I started feeling quite helpless when it dawned on me. I have a blog. It’s not the Huffington Post or anything, but it’s something. And if one person reads this and goes to get that cheek swabbed, and it’s the match for Madeline (or any other sick kid), well, that’s big enough.  So here’s the skinny on the bone marrow drives:
  • 3 to 6:30 pm. Monday, Dec. 15, at the Waterford Town Hall, 15 Rope Ferry Rd.

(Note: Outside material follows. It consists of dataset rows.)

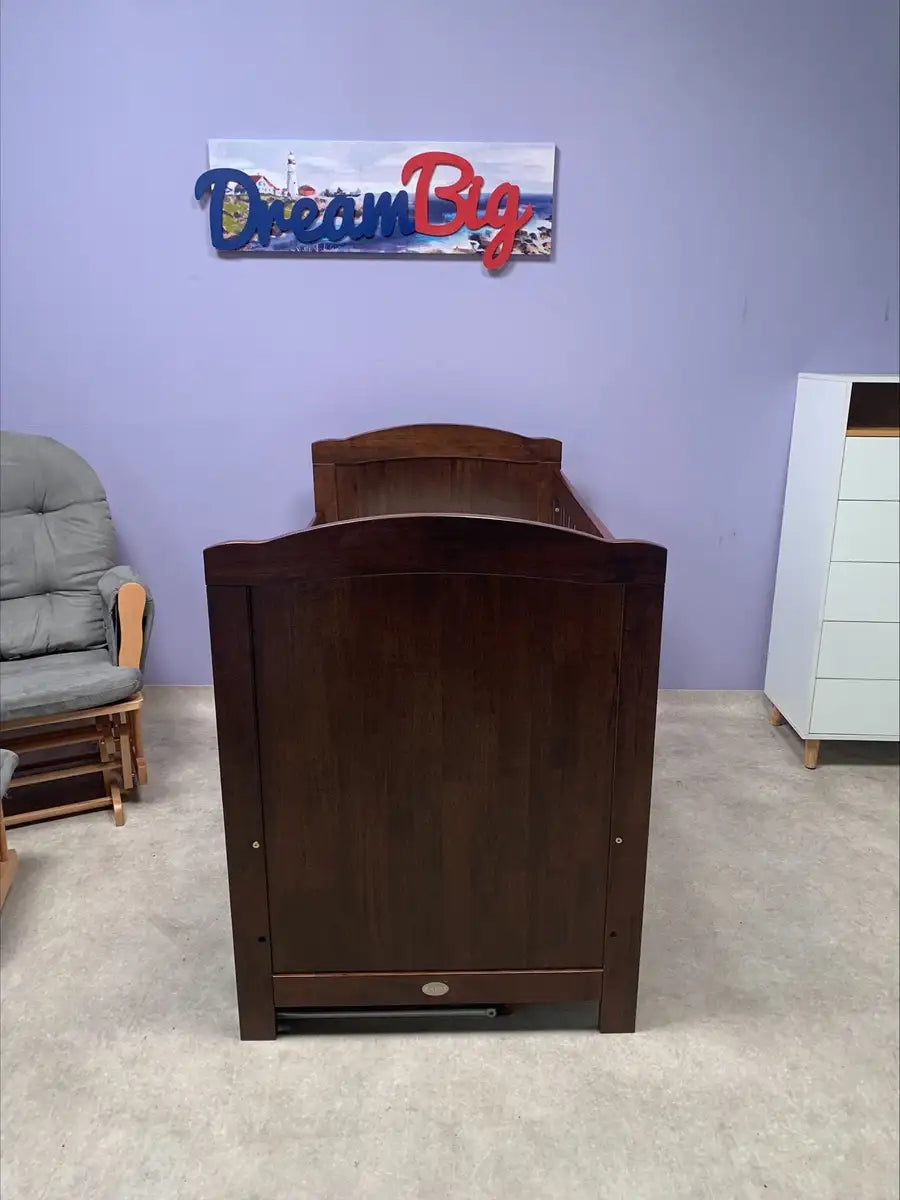 Kapai DELTA Wooden Baby Cot Drop Side with Drawer - COFFEE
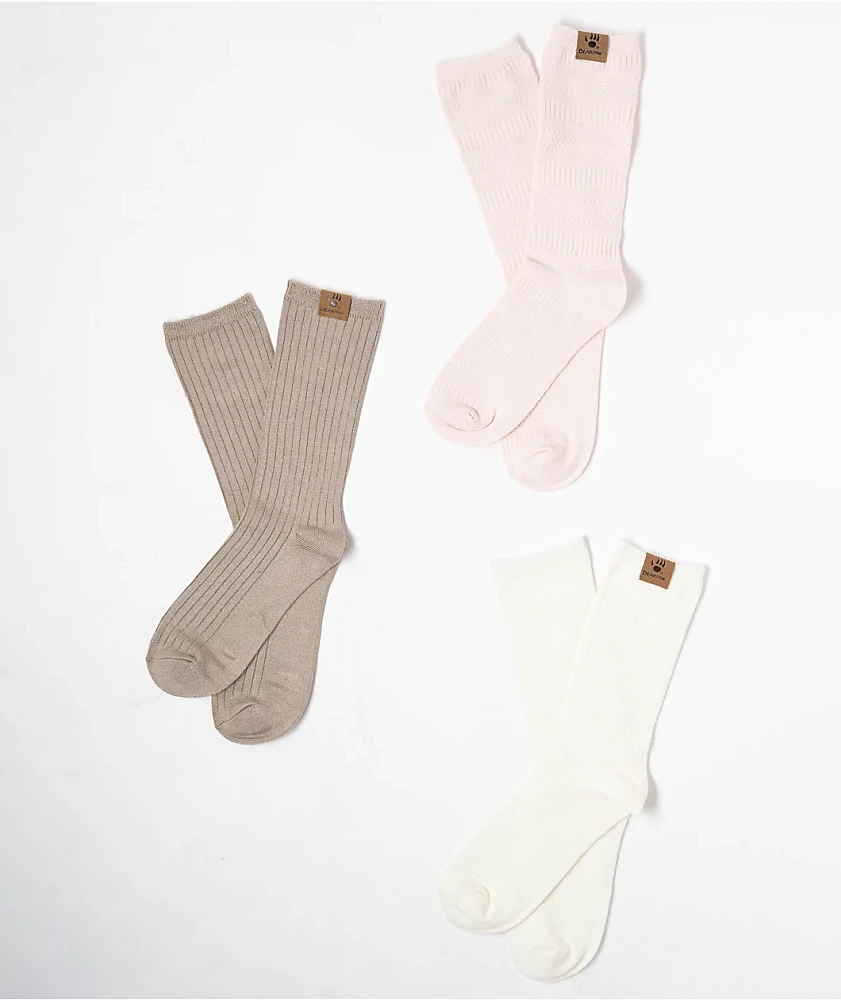 Bearpaw Pink, White, & Brown 3 Pack Midweight Bamboo Crew Socks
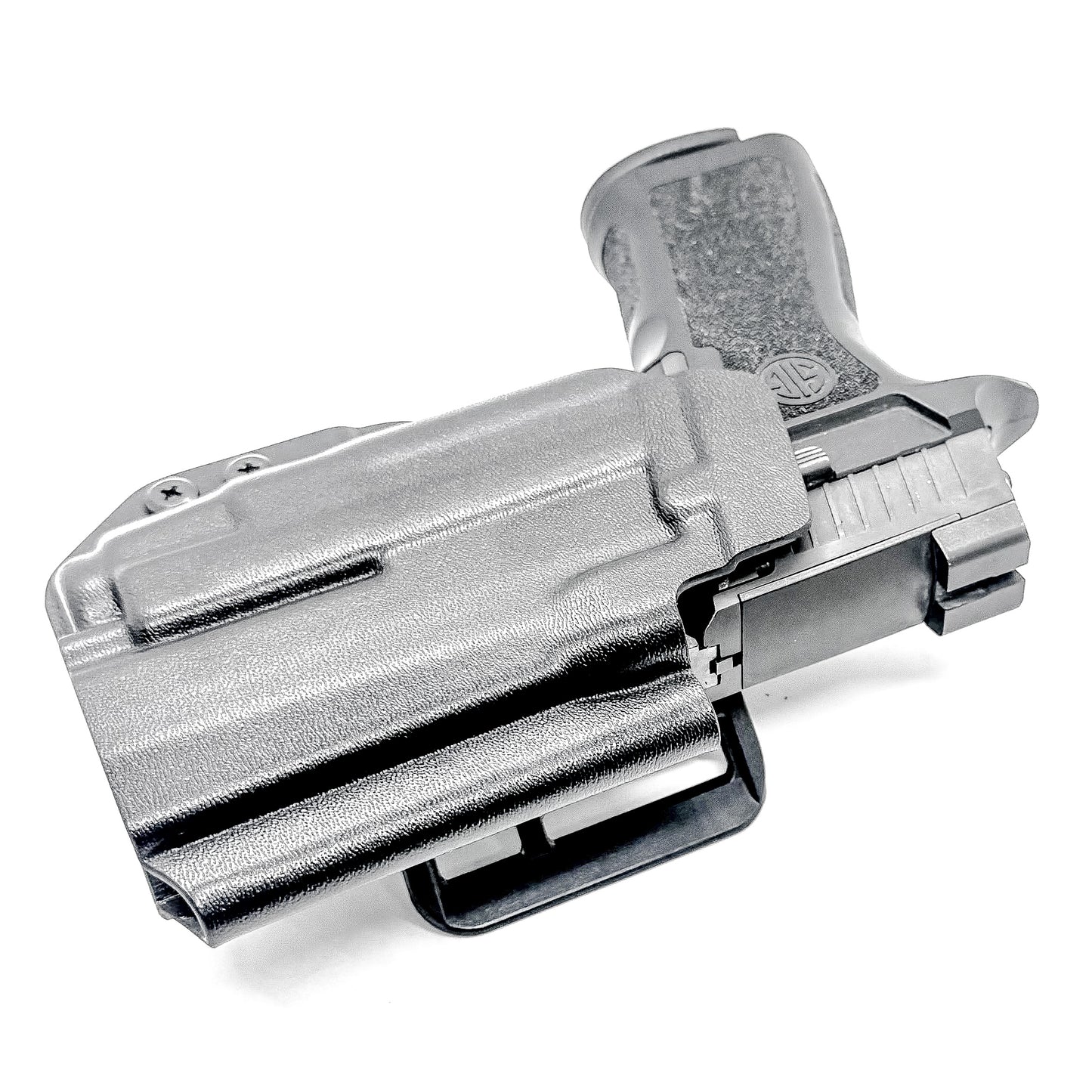 Black Outside Waistband OWB Holster for the Sig Sauer P320 Compact or Carry pistol and a Streamlight TLR-7 X or A shown with the 4BROS 1.5" Belt Slide.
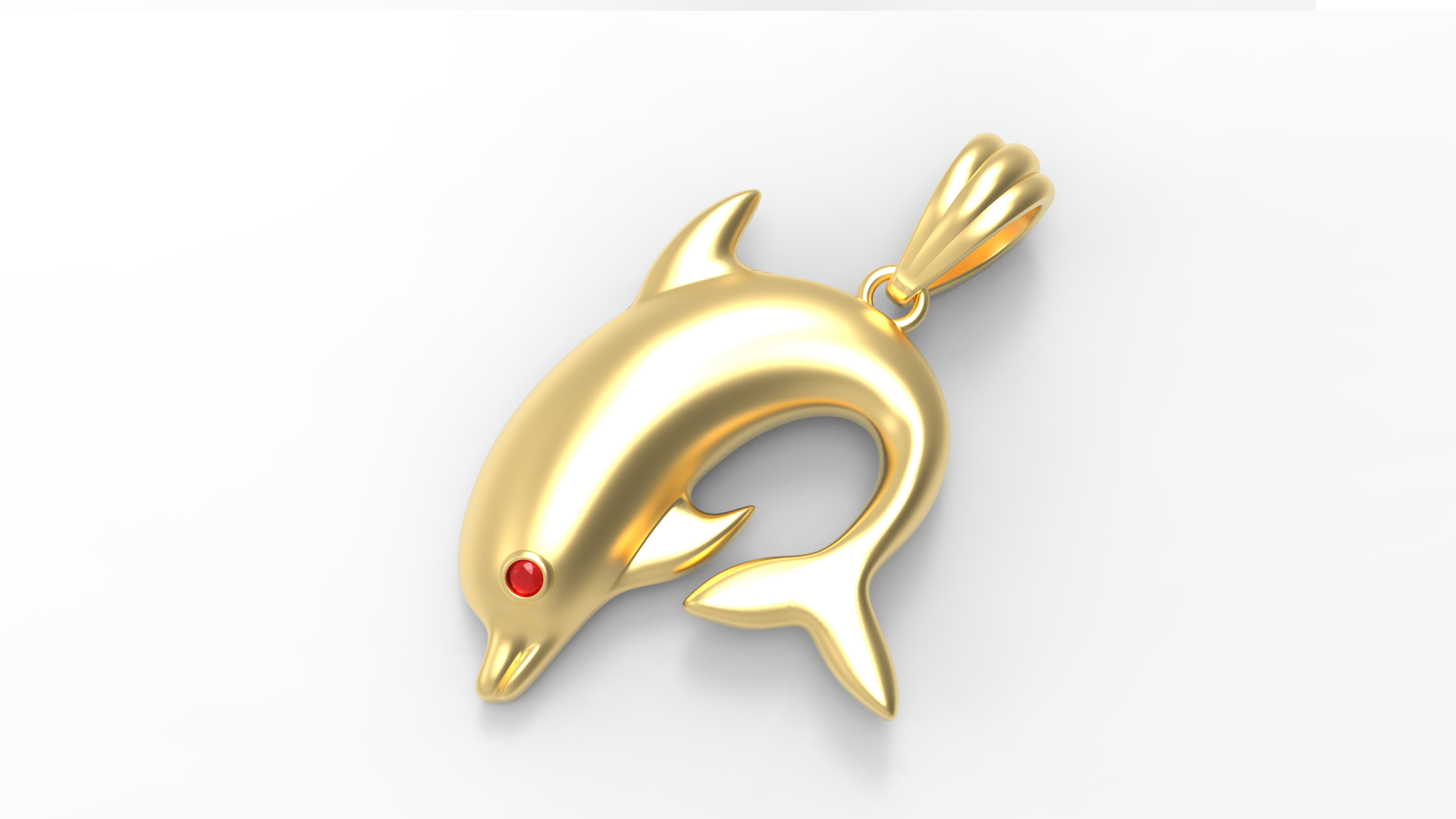 Detailed printed diamond dolphin pendant 3D model 3D print model_1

  • 10 a.m. to 4 p.m. Thursday, Dec. 18 at Lillie B Haynes Elementary, 29 Society Rd., Niantic
  • 4 to 7 p.m. Friday, Dec. 19 at Oswegatchie Elementary School, 470 Boston Post Rd., in Waterford

If you can’t be there in person, an online drive has been set up for Madeline at the Rhode island Blood Center’s website. (Just use the code SWAB4MADELINE). Then there’s her GoFundMe page. You can follow her new Mad about Madeline Facebook page. And you can send her mail (P.S. She really likes tigers).

Madeline’s mom says there will be round after round of intensive chemo until it’s in remission. They’ll be in that hospital room ’til that happens. (For anyone who’s spent more than five minutes in a hospital room, that sounds horrendous – especially at Christmas. So they could definitely use some good cheer.)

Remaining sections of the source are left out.